From: Tex Texin (tex@i18nguy.com)
Date: Sat Nov 02 2002 - 19:03:53 EST
Hi John,
I meant the character "<".
As for notepad, what I should have either stated more completely or bit
my tongue, is that where there is a standard in place (and where it is
unambiguous) the mistakes of particular products shouldn't hold sway,
unless they are tantamount to a de facto standard. I (personally) don't
hold notepad in that class. In particular with respect to Michka's
comment that parsers should upgrade to accommodate notepad's BOM, I
rather thought notepad should be changed. But I certainly don't want to
get into a debate on notepad's influence on the market, so let's pretend
I bit my tongue in the last mail, and once again in this mail. ;-)
tex
John Cowan wrote:
>
> Tex Texin scripsit:
>
> > I didn't think the XML standard allowed for utf-8 files to have a BOM.
>
> This capability was never actually excluded, and was added by erratum
> (and force-majeure, when it became clear that BOMful UTF-8 was going to
> start becoming common). XML files are intended to be plain text, and
> if a large source of plain text insists on a BOM, so be it.
>
> > The standard is quite clear about requiring 0xFEFF for utf-16.

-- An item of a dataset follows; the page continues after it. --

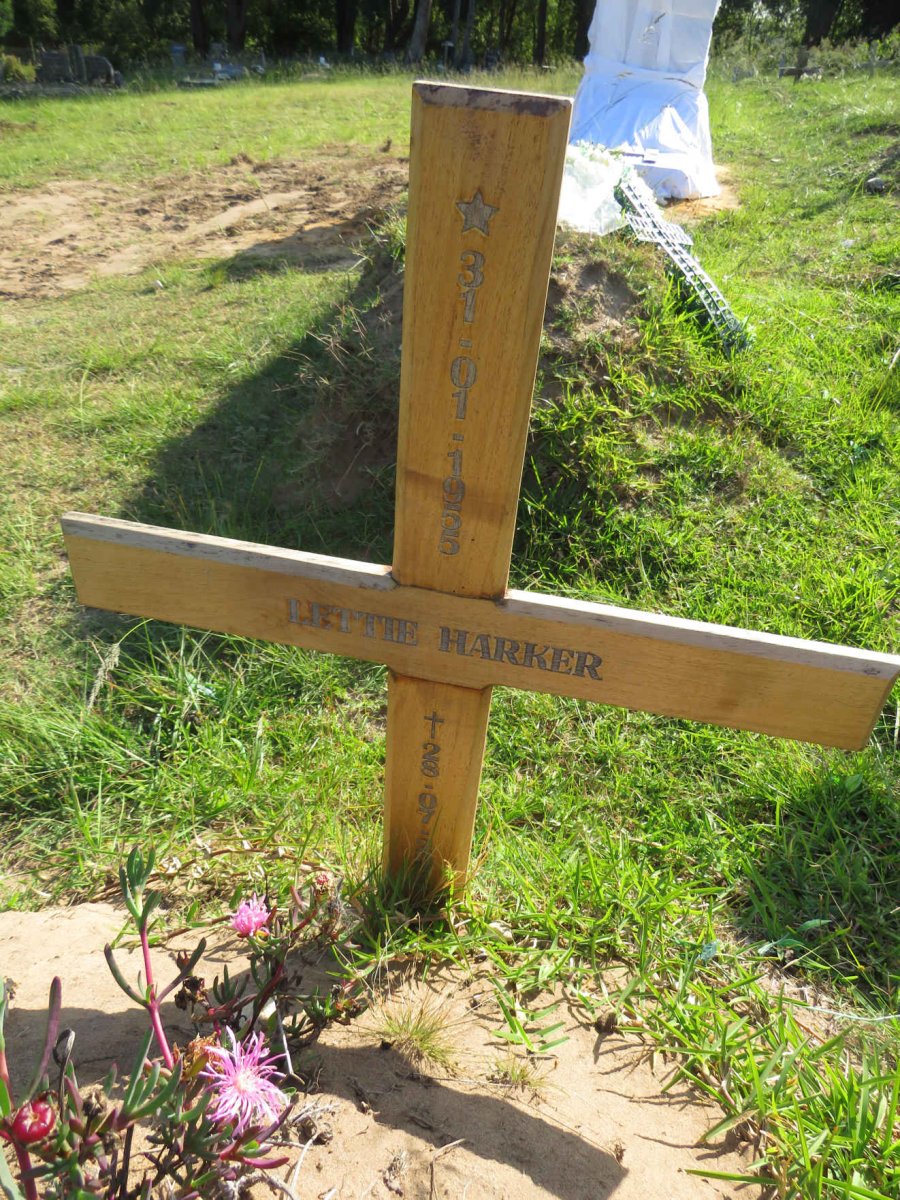 HARKER Lettie 1955-2022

> > I would have thought a proper parser would reject a non-utf-16 file
> > beginning with something other than "<".
>
> If by "<" you mean the *character* "<", then yes. If you mean the *byte*
> 0x3C, then no: well-formed XML files can begin with any of 0x00 (UTF-32),
> 0x3C (ASCII-compatible), 0x4C (EBCDIC), 0xEF (UTF-8 with BOM), 0xFE (UTF-16
> in BE order), or 0xFF (UTF-16 in LE order). In principle they could begin with
> some other byte: 0x2B in UTF-7, e.g.
>
> > (The fact that notepad puts it there should be irrelevant.)
>
> Actual practice is never quite irrelevant.
>
> --
> John Cowan jcowan@reutershealth.com http://www.reutershealth.com
> "Mr. Lane, if you ever wish anything that I can do, all you will have
> to do will be to send me a telegram asking and it will be done."
> "Mr. Hearst, if you ever get a telegram from me asking you to do
> anything, you can put the telegram down as a forgery."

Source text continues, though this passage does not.